- Problem description
Would you transcribe exactly the lines from the beginning of the records below through the line with "Check the assigned", both included, omitting the pictures?
── Records provided ──
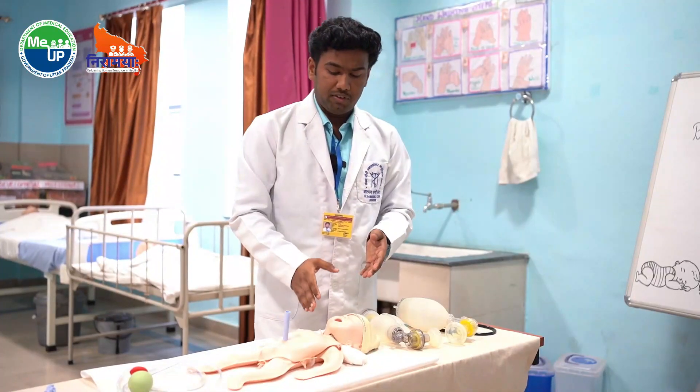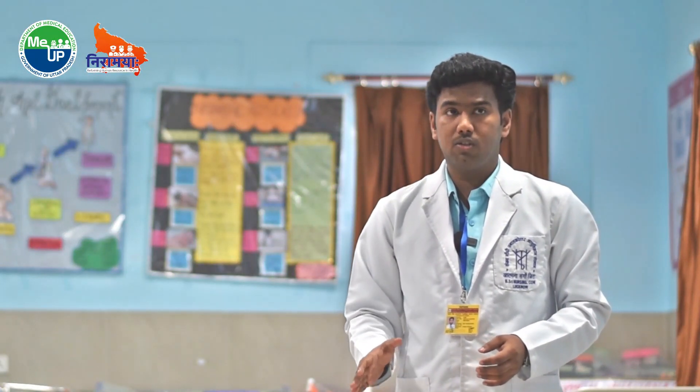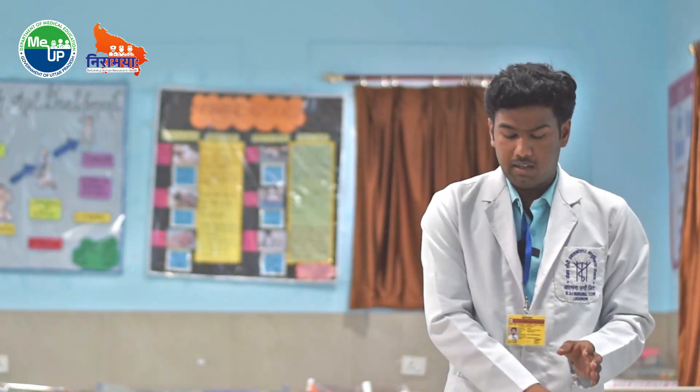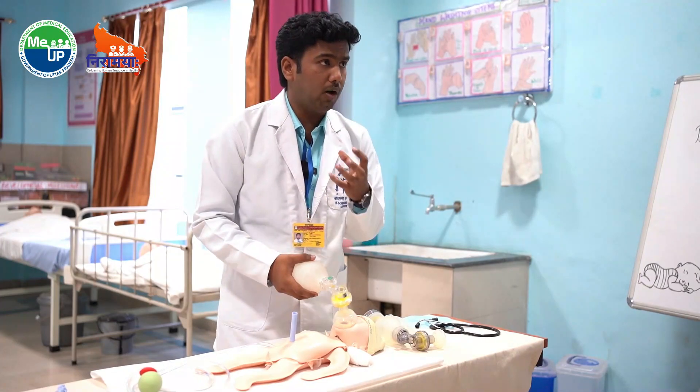Whether the PPV given is correct or not is checked by observing if chest rise is seen. If chest rise is seen, it indicates a good ventilation technique. If chest rise is not seen, it indicates there is leakage in the mask, a positioning problem, or a loose connection between the mouth and the mask.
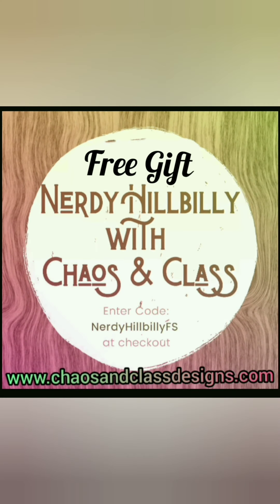Nerdy Hillbilly here — the holidays are just around the corner, so how about you hop over to chaosandclassdesigns.com and pick out something nice for the loved one in your life. While you're at it, put in the promotion code 'NERDYHILLBILLYFS' and get a free Nerdy Hillbilly gift today!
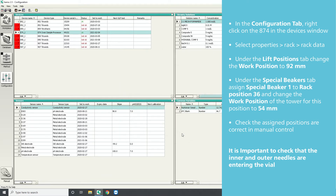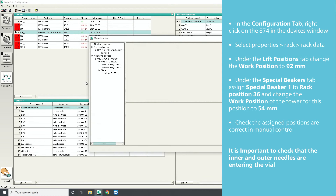Check the assigned positions are correct in manual control. It is important to check that the inner and outer needles are entering the vial.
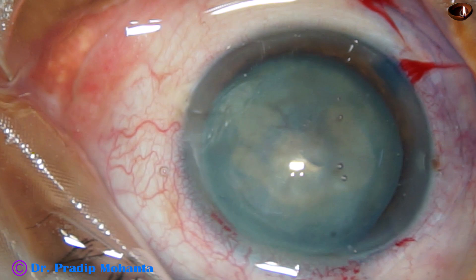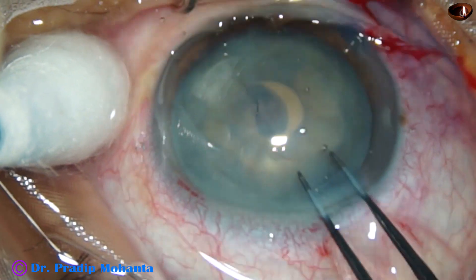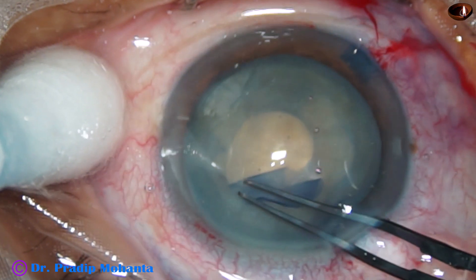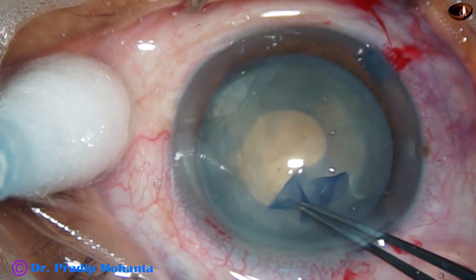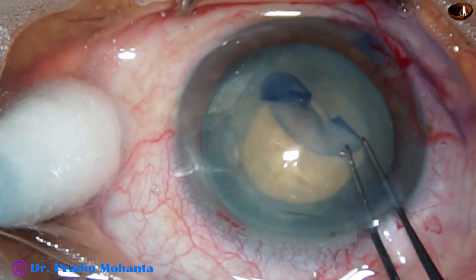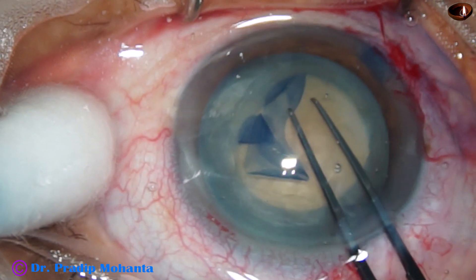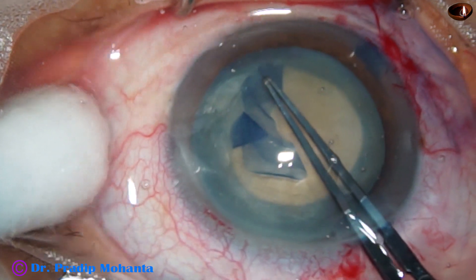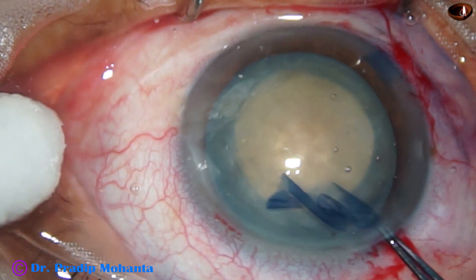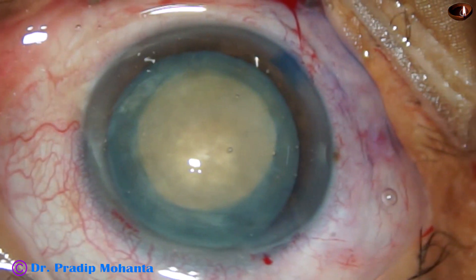And now visco is again injected. Then Utrata forceps is used to do spiral rhexis, starting with a small turn and now going to the periphery to make an adequate-sized rhexis. As I pull the capsule, I can make out that the zonule is strong in this case. There is no zonular weakness. And this has been a very nice, very satisfactory rhexis.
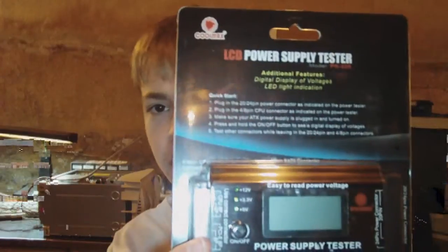Hello Internet World, TechnoGuy3 coming to you from the NerdCave. Today I have a Coolmax LCD power supply tester. I saw some good reviews on this, so I decided to order it off Amazon. I believe it was very cheap — it was under the $20 price range, so I was able to get it.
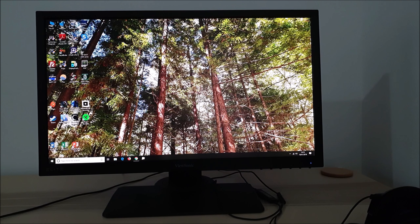It's Adam here for PC Monitors, and in this video I'm going to be taking a look at the ViewSonic XG240R. This monitor features a 24-inch TN panel, and it has a 144Hz refresh rate and a Full HD resolution.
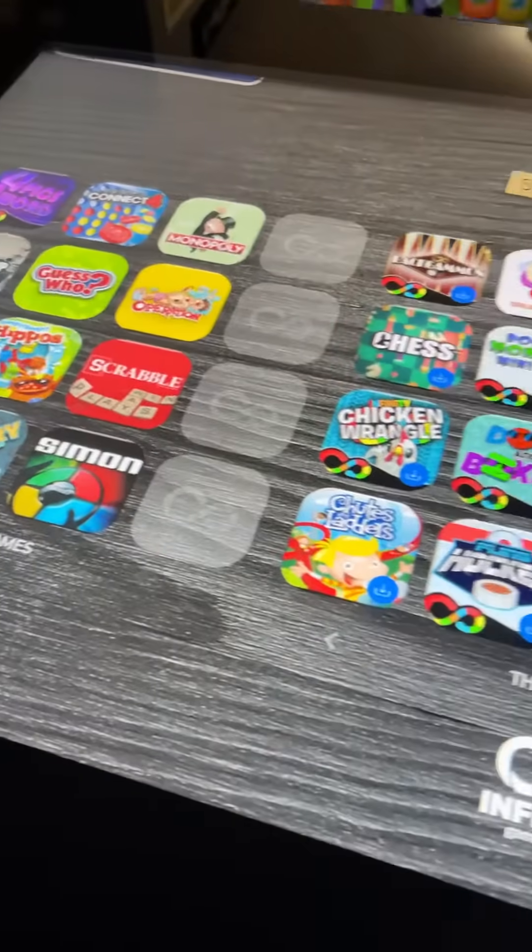What's going on guys? Just making a quick video here about this Infinity Game Table.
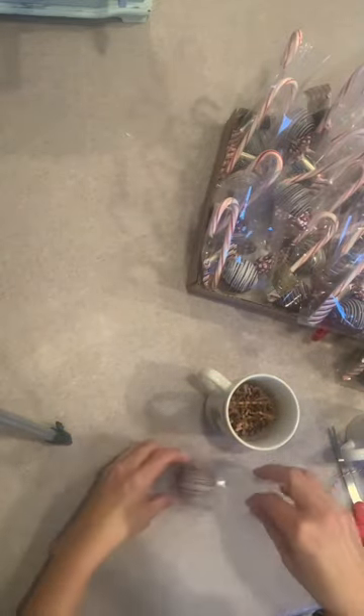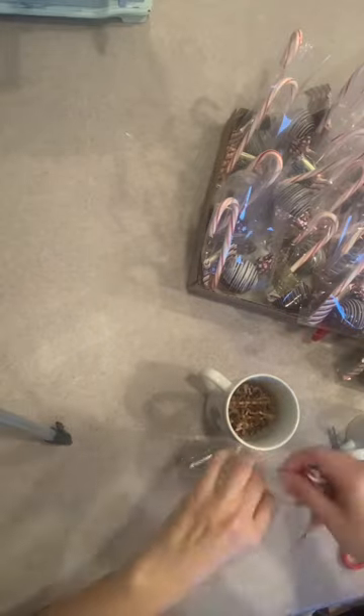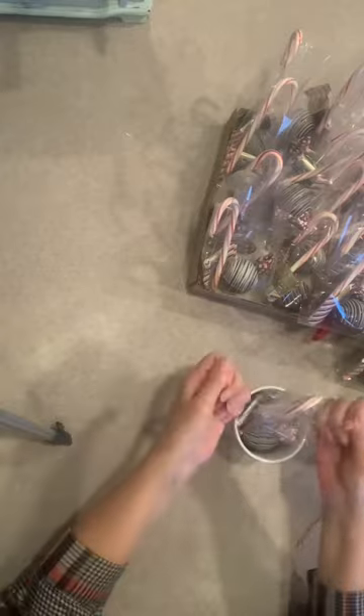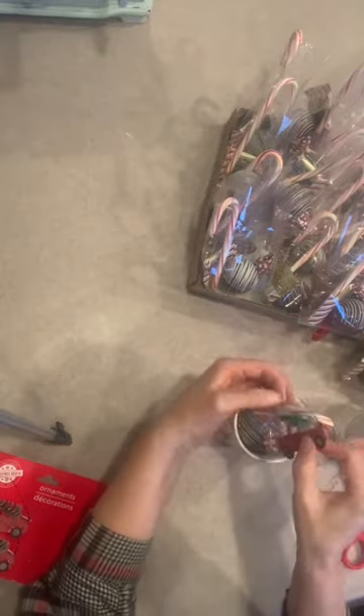Add your Cocoa Bomb, add some Ghirardelli peppermint bark, a couple of candy kisses, and a candy cane. Add some filler to the bottom of the mug, tie up the bag with some baker's twine.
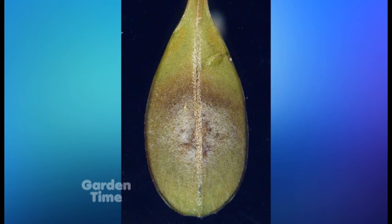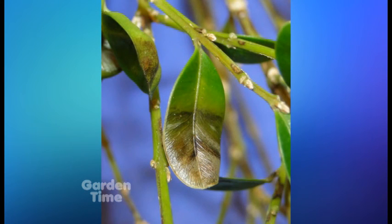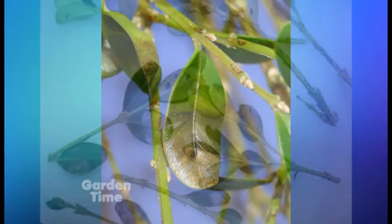Can I make the leap of logic that there really isn't anything to do for it if you do have it? The best thing is just to alert us to it. Sanitation is going to be very important — picking up those leaves, taking off the diseased portions of the stem, and putting that in the garbage. We shouldn't compost it — just putting it in the garbage will be a good thing to do.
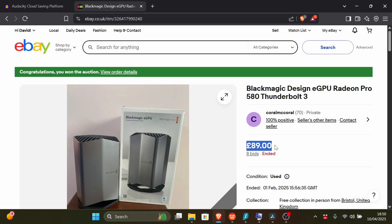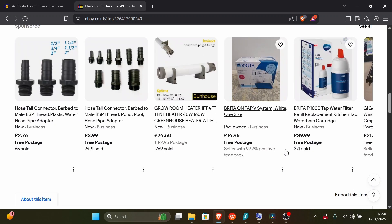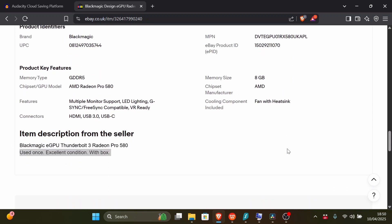I'll show you the laptop a little bit later. After having it for a while, I thought it would be nice to play the odd game on it. I started looking around for eGPUs but it didn't really seem worthwhile spending a few hundred pounds. Then I started seeing these Blackmagic Design eGPUs for very low prices — I got one for £96 including delivery, and there are a lot for sale.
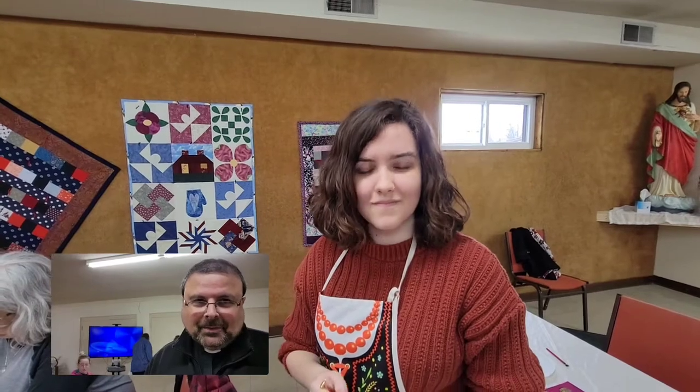Elise, thank you very much for your wonderful explanation. I'll be back in about an hour or so — we'll shoot some video of the completed products.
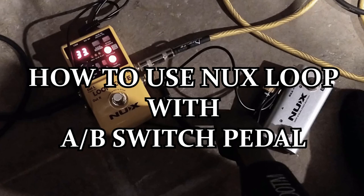Hello. If you have a yellow-colored NUX loop core and the dual foot switch shown here, and you are frustrated because you want to use the foot switch to go forward and backward between loops, but nothing seems to work — here's the quick answer.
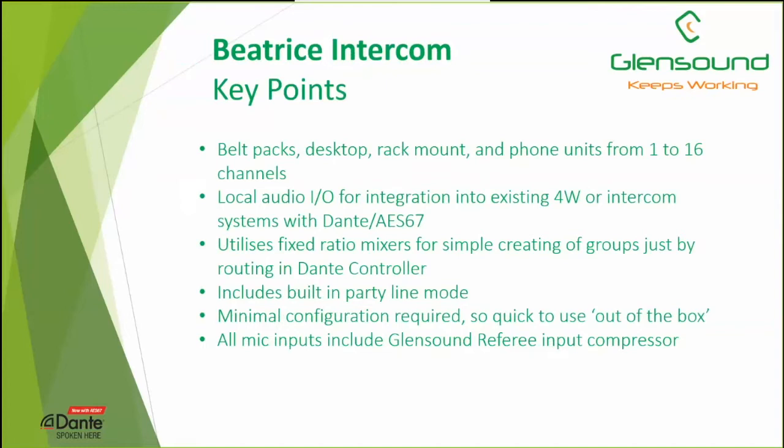Key points on the Beatrice units: belt packs, desktops, rack mounts, and phone units from 1 to 16 channels. Some units have local audio inputs and outputs for integration into existing systems. We utilize fixed-ratio mixers on many units for creating mix groups. They all have a built-in party line mode, built-in IFB, minimal configuration, and are very simple to use out of the box. All mic inputs include the Glensound F3 compressor system to protect the audio inputs.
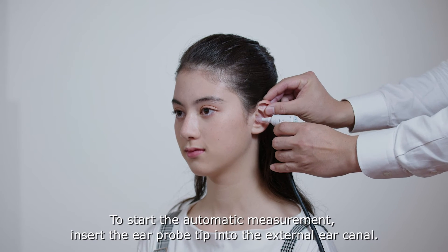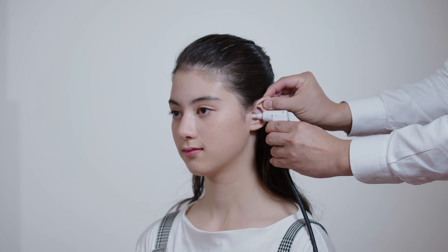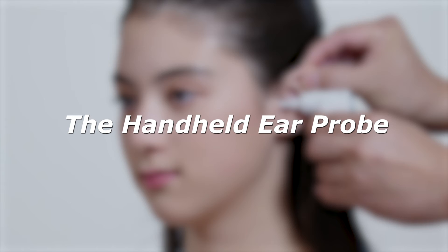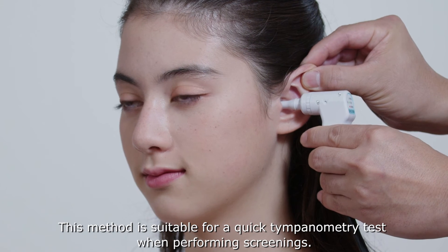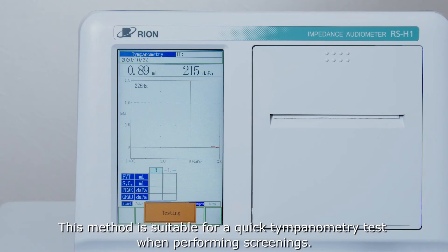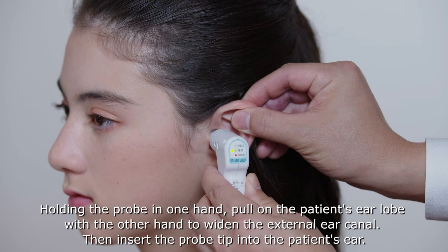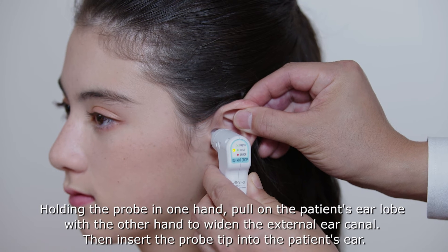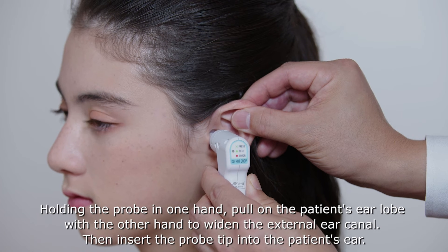To start the automatic measurement, insert the ear probe tip into the external ear canal. The handheld ear probe method is suitable for a quick tympanometry test when performing screenings. The examiner should hold the probe as steady as possible, making sure it does not move. Holding the probe in one hand, pull on the patient's ear lobe with the other hand to widen the external ear canal, then insert the probe tip into the patient's ear.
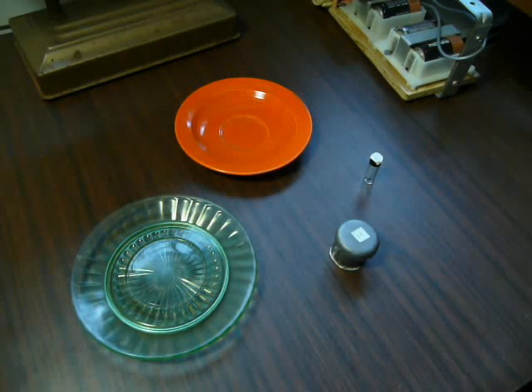Hey, this is Ben from AtomicEmporium.com. Today I'm going to talk about uranium and its uses and how it's found.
───
- Reply to the task
Whether the PPV given is correct or not is checked by observing if chest rise is seen. If chest rise is seen, it indicates a good ventilation technique. If chest rise is not seen, it indicates there is leakage in the mask, a positioning problem, or a loose connection between the mouth and the mask.
Nerdy Hillbilly here — the holidays are just around the corner, so how about you hop over to chaosandclassdesigns.com and pick out something nice for the loved one in your life. While you're at it, put in the promotion code 'NERDYHILLBILLYFS' and get a free Nerdy Hillbilly gift today!
Check the assigned positions are correct in manual control. It is important to check that the inner and outer needles are entering the vial.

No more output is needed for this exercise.